Using the material below, write out every entry exactly.

########################################

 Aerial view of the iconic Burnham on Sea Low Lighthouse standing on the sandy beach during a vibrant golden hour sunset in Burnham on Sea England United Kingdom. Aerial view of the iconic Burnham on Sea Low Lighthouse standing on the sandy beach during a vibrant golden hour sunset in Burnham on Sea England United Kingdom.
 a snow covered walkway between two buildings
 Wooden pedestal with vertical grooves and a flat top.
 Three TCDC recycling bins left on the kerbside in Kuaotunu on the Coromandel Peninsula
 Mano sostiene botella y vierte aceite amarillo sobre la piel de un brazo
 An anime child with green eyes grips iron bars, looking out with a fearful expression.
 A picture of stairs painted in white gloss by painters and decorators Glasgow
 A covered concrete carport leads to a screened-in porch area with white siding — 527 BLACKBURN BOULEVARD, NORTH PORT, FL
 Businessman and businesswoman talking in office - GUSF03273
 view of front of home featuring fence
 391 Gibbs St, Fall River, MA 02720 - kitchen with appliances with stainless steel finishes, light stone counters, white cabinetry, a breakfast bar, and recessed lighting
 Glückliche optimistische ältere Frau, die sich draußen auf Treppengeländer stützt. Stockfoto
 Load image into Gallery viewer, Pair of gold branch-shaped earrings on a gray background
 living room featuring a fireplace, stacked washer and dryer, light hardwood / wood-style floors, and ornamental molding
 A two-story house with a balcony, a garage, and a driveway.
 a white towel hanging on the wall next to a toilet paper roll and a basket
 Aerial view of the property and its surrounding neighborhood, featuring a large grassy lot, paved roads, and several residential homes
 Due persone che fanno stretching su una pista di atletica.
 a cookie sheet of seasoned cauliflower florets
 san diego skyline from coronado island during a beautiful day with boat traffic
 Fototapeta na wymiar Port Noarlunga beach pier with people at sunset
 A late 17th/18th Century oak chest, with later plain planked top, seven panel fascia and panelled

########################################

Answer:
 Aerial view of the iconic Burnham on Sea Low Lighthouse standing on the sandy beach during a vibrant golden hour sunset in Burnham on Sea England United Kingdom. Aerial view of the iconic Burnham on Sea Low Lighthouse standing on the sandy beach during a vibrant golden hour sunset in Burnham on Sea England United Kingdom.
 a snow covered walkway between two buildings
 Wooden pedestal with vertical grooves and a flat top.
 Three TCDC recycling bins left on the kerbside in Kuaotunu on the Coromandel Peninsula
 Mano sostiene botella y vierte aceite amarillo sobre la piel de un brazo
 An anime child with green eyes grips iron bars, looking out with a fearful expression.
 A picture of stairs painted in white gloss by painters and decorators Glasgow
 A covered concrete carport leads to a screened-in porch area with white siding — 527 BLACKBURN BOULEVARD, NORTH PORT, FL
 Businessman and businesswoman talking in office - GUSF03273
 view of front of home featuring fence
 391 Gibbs St, Fall River, MA 02720 - kitchen with appliances with stainless steel finishes, light stone counters, white cabinetry, a breakfast bar, and recessed lighting
 Glückliche optimistische ältere Frau, die sich draußen auf Treppengeländer stützt. Stockfoto
 Load image into Gallery viewer, Pair of gold branch-shaped earrings on a gray background
 living room featuring a fireplace, stacked washer and dryer, light hardwood / wood-style floors, and ornamental molding
 A two-story house with a balcony, a garage, and a driveway.
 a white towel hanging on the wall next to a toilet paper roll and a basket
 Aerial view of the property and its surrounding neighborhood, featuring a large grassy lot, paved roads, and several residential homes
 Due persone che fanno stretching su una pista di atletica.
 a cookie sheet of seasoned cauliflower florets
 san diego skyline from coronado island during a beautiful day with boat traffic
 Fototapeta na wymiar Port Noarlunga beach pier with people at sunset
 A late 17th/18th Century oak chest, with later plain planked top, seven panel fascia and panelled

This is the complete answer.